Professor Fred Ellery, President of the South African Chapter of the International Mire Conservation Group (IMCG), has been elected as an honorary lifelong member in recognition of his contributions in research, teaching and wetland conservation efforts during his career. This honour was conferred on Fred Ellery at the General Assembly of the IMCG in Goni?dz, Poland, where support for his election was unanimous.
Prof Ellery has devoted his working life to understanding wetlands in southern Africa. Mires are a special category of wetland where peat makes up the predominant sedimentary fill. These systems are particularly intriguing in a tropical and subtropical context because the organic matter should decompose given high temperatures that typify our region.
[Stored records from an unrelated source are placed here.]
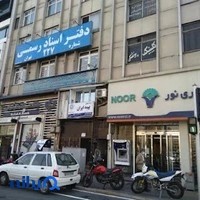 آموزش زبان چینی و تورلیدری نام آوران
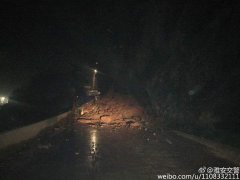 <b>国道318线雅安飞仙关山体塌方 交通中断</b>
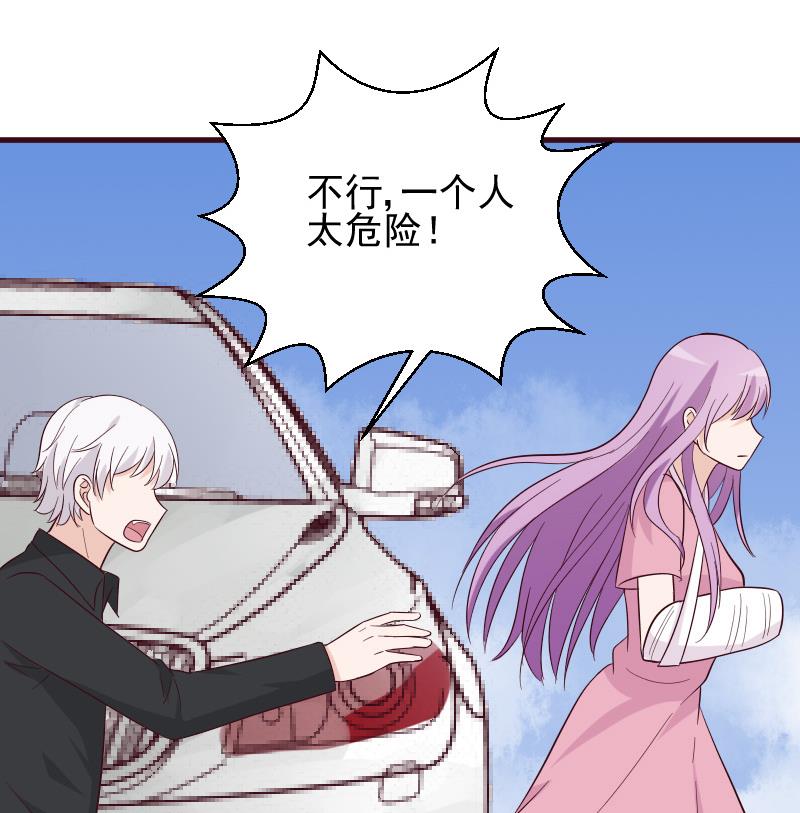 血族男神别咬我韩漫全集-第163话 你一定要小心无删减无遮挡章节图片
The most spectacular peatlands in South Africa occur on the coastal plain of KwaZulu-Natal and the southern Cape, where the oldest known peatland in the world, the Mfabeni Mire, is located.
In receiving this award, Prof Ellery paid tribute to the small but active group that makes up the South African Chapter of the IMCG: “The honour of my election is something that I share with colleagues in the South African Chapter of the IMCG, because of their dedication and hard work in changing the way that we think about, engage with, and treat, these remarkable ecosystems.”
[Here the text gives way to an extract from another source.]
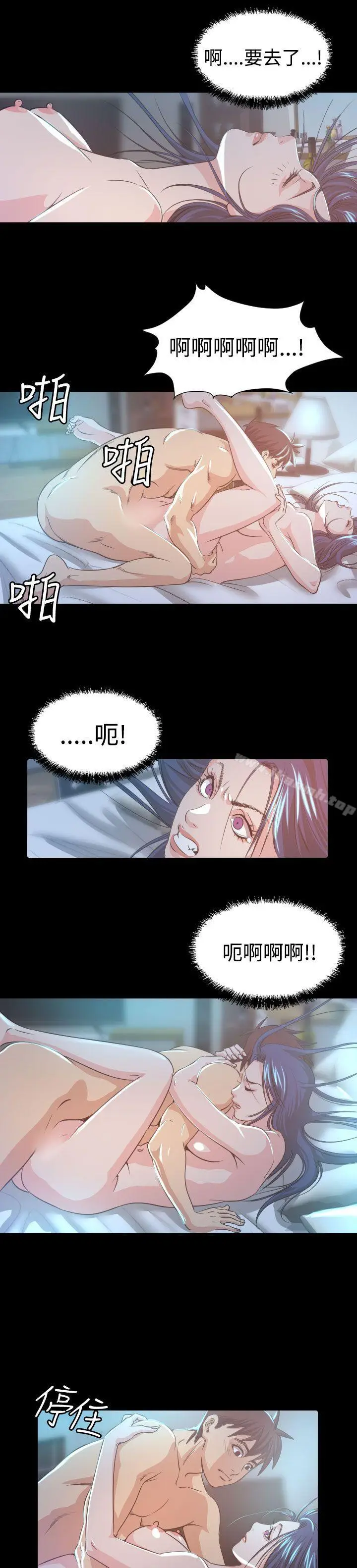 漫画《危险性赌注》第8话第22张图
He pointed out that the chapter fights tirelessly to promote the wise use and management of mires, because in a rapidly transforming developing country like South Africa, mires are amongst the first natural features to disappear – especially in a region where water scarcity is a daily reality for many. The destruction of individual mires may provide some local benefits in the short-term, but the negative impacts on downstream users of water resources far outweighs local benefits.
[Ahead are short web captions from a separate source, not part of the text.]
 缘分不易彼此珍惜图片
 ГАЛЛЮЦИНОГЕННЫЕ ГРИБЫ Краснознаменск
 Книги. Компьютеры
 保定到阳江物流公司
Prof Ellery’s work has increasingly focussed on mires that are linked to coastal floodplains and lakes. In settings where floodplains are aggradational, mires constitute a potentially important carbon sink.
Given the reality of global warming and the urgent need to address this global problem, he has recognised the importance of mire conservation. The peatlands of the Okavango Delta in Botswana, have also been the subject of ongoing work for him, and together with many colleagues, important principles for the sustainable management of this ecosystem have been developed.
There are ongoing questions that are being addressed, and through the new generation of young scientists that is emerging, his hope is to develop the kind of understanding that ensures effective use and management of mires in southern Africa and Africa more generally.